▶ [Given data]:

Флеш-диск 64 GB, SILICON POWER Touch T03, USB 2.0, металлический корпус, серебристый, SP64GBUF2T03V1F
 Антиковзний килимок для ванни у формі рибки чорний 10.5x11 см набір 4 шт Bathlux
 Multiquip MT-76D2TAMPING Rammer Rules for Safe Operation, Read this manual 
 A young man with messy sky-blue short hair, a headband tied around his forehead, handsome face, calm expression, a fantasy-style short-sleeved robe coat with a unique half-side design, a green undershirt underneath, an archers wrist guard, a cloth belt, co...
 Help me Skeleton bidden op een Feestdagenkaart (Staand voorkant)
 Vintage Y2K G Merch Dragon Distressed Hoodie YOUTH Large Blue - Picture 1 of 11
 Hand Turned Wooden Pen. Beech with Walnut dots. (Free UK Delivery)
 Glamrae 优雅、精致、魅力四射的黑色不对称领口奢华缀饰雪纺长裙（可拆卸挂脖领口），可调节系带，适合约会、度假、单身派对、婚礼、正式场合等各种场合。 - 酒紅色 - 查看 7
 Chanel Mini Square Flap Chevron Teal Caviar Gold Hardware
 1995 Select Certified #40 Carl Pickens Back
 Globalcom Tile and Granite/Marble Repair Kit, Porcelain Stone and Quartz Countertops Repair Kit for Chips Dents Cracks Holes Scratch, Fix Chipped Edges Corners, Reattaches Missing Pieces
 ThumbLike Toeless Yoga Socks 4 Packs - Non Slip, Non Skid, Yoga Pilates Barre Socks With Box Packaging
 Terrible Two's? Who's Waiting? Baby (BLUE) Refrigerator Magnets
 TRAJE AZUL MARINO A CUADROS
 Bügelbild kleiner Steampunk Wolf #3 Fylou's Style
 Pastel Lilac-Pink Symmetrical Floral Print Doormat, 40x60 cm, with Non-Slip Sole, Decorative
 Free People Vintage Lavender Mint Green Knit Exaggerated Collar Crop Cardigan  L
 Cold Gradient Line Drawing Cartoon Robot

▶ [Try it]: Copy exactly the stretch of data above from the line with "Multiquip MT-76D2TAMPING Rammer" through the line with "Globalcom Tile and", and omit all other lines.

▶ [Written solution]:
 Multiquip MT-76D2TAMPING Rammer Rules for Safe Operation, Read this manual 
 A young man with messy sky-blue short hair, a headband tied around his forehead, handsome face, calm expression, a fantasy-style short-sleeved robe coat with a unique half-side design, a green undershirt underneath, an archers wrist guard, a cloth belt, co...
 Help me Skeleton bidden op een Feestdagenkaart (Staand voorkant)
 Vintage Y2K G Merch Dragon Distressed Hoodie YOUTH Large Blue - Picture 1 of 11
 Hand Turned Wooden Pen. Beech with Walnut dots. (Free UK Delivery)
 Glamrae 优雅、精致、魅力四射的黑色不对称领口奢华缀饰雪纺长裙（可拆卸挂脖领口），可调节系带，适合约会、度假、单身派对、婚礼、正式场合等各种场合。 - 酒紅色 - 查看 7
 Chanel Mini Square Flap Chevron Teal Caviar Gold Hardware
 1995 Select Certified #40 Carl Pickens Back
 Globalcom Tile and Granite/Marble Repair Kit, Porcelain Stone and Quartz Countertops Repair Kit for Chips Dents Cracks Holes Scratch, Fix Chipped Edges Corners, Reattaches Missing Pieces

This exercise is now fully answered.